An agency Congress created in 1961 was folded into the State Department in 2025. Congress then appropriated roughly $50B for FY2026 diplomacy and assistance — far above the administration's request — and in May 2026 the administration moved to divert about $2B in global-health money to pay closure costs.

May 21, 2026 · 9 min read · AfP Research

An agency closed, a budget contested

For 64 years, the United States ran most of its foreign development and humanitarian assistance through a single independent agency: the US Agency for International Development. In 2025, that agency was dismantled. By July 1, 2025, USAID had formally ceased to operate as an independent agency, and its surviving functions were absorbed into the State Department.

That would be a significant story on its own.

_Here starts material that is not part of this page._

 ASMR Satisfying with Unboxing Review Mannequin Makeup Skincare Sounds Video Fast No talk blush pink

What makes it a constitutional story is what happened next. In February 2026, Congress — which creates agencies, and which controls federal spending — enacted a foreign-affairs appropriation of roughly $50 billion, well above what the administration had asked for. Then, in May 2026, the administration moved to divert money Congress had appropriated for global health programs to instead pay the costs of closing the agency Congress had not voted to close.

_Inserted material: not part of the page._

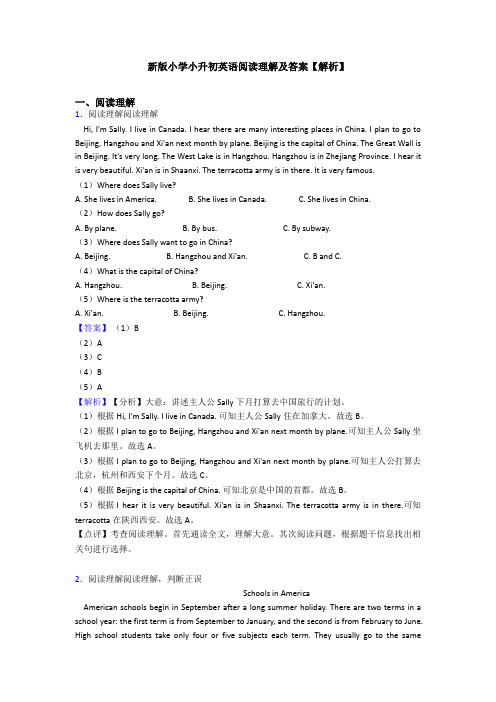 新版小学小升初英语阅读理解及答案【解析】 (16)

This brief explains what USAID did, what it structurally changes to fold an independent agency into a Cabinet department, and the tension that the FY2026 sequence has thrown into sharp relief: between an executive branch dismantling an agency and a Congress that holds the power of the purse.

What USAID was and what it did

USAID traces to 1961. Congress passed the Foreign Assistance Act in 1961, President Kennedy signed it, and that fall an executive order established the Agency for International Development to unify a scattered set of postwar aid programs (Britannica). The Foreign Affairs Reform and Restructuring Act of 1998 confirmed USAID’s status as an independent agency — not a bureau of the State Department, but a distinct entity with its own administrator and its own statutory footing.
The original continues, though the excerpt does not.